Here’s how motherhood happened to me. I was in my 40s, living with a man who had a delightful son, one of the best people I know. But my partner, now my husband, wanted another child. I feel obligated to mention this because people who don’t assume I’m a grandmother often assume I wanted my “own” baby. They said as much to my face, so lord knows what they said behind my back.
But the man who would become my second husband desired a child, so I made a child happen. That’s our dynamic. He writes checks; I make things happen. As noted, I have money of my own, but he out-earns me by a factor of 10-to-1 and he talks a good socialist game on Twitter, so our arrangement seems only fair.
It took me a while, though, to make a baby happen. It took six years, which I found daunting. With each passing year, the refrain in my head changed: I was going to be 59 at the bat mitzvah, then 60 at the bat mitzvah, then 61 at the bat mitzvah . . .
Now, God willing and with the help of a good Hebrew tutor, the bat mitzvah will be in four years, when I’m 64, and I find it hilarious that I ever cared. Will she still need me, will she still feed me?

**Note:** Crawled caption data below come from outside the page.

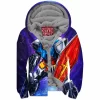 Anime Zip-Fleece-Hoodie, Gundam Zip-Fleece-Hoodie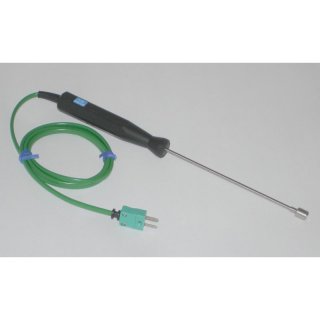 Thermocouple, Ribbon Surface Probe, 1m Lead, Plug, -75 to +250°C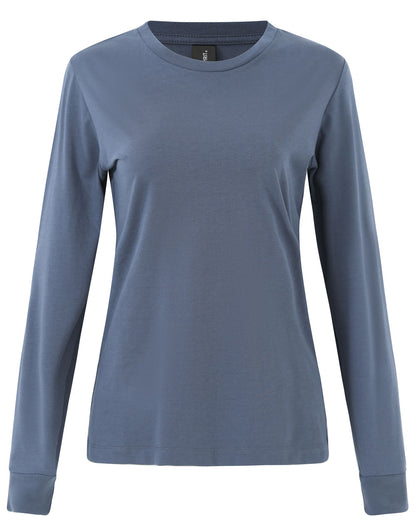 [TS48] Ladies' Premium Cotton Face L/S Tee Shirt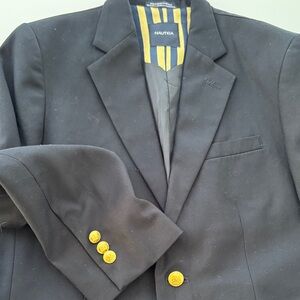 Nautica, Big Kids Sz 16, 2 Button, Navy Blazer with Gold Buttons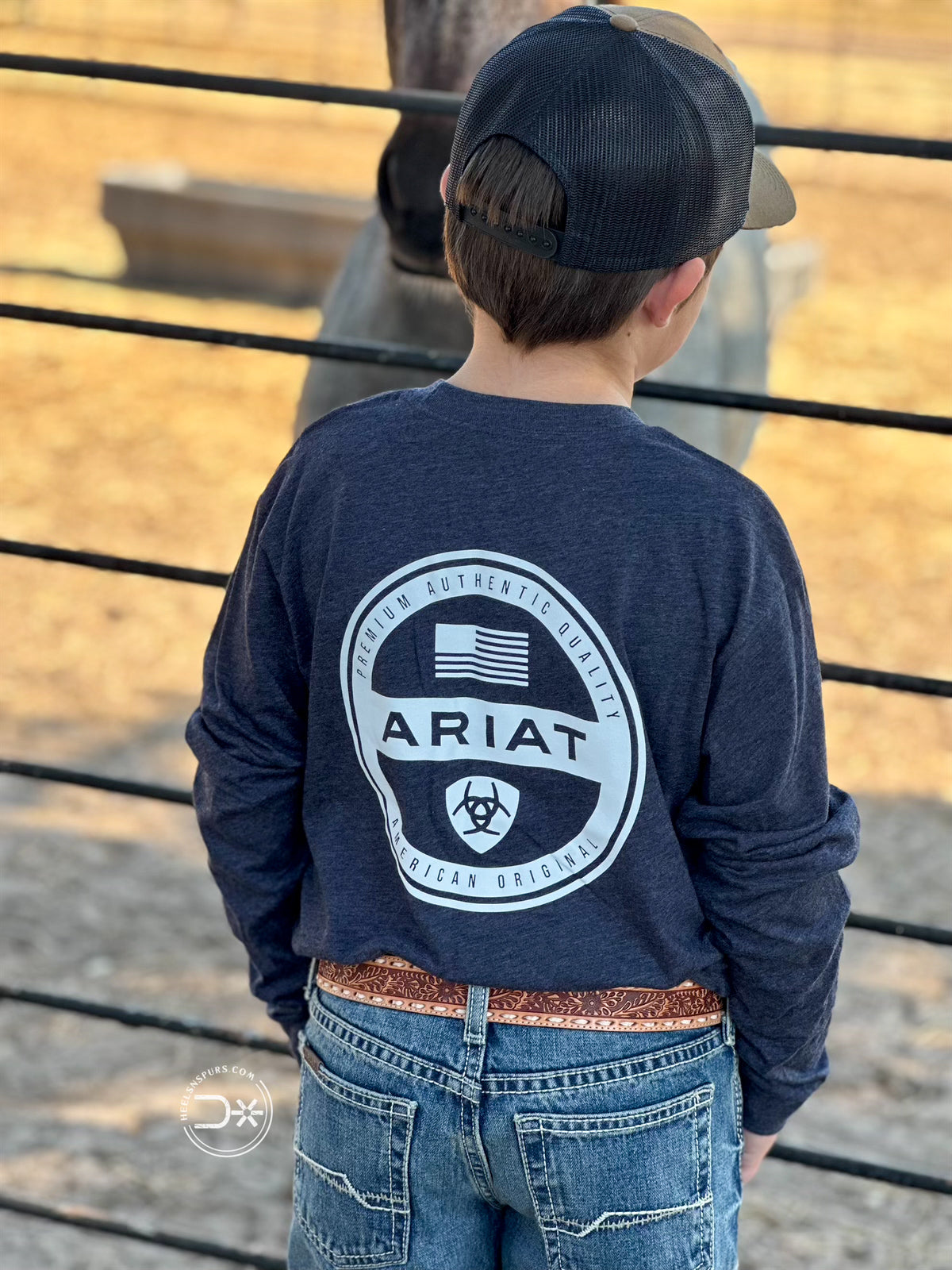 Boys Ariat Long Sleeve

She insists the former will apply. She wants me to go to college with her. That idea has merit, although I assume it will be off the table when she’s actually 18.
Besides, I want to continue writing novels as long as I can. My father retired at 66 and it didn’t suit him. He died at age 85, but he hadn’t been his real self for at least five years. My mother, now 88 and terrifyingly healthy, says women are better suited to retirement. I don’t plan to find out, but then my entire life has been spent testing the old maxim, Man plans, God laughs.
I have to think God, in whom I don’t really believe, bust a gut when my daughter arrived. Lord knows, quite a few other people were laughing at me, filled with barely disguised glee at the belief that I had destroyed my career.
[4]
It was Mother’s Day, 2010, and I was going to be a mom in less than three weeks, although I didn’t know that at the time. But I knew it was imminent — after all, I had orchestrated everything. I had almost finished preparing my daughter’s room, making essential purchases. At a family gathering, I ventured an opinion about something I hoped to do as a parent and a sort-of relative grinned maliciously. “Oh we can’t wait to hear all your views on motherhood,” she said.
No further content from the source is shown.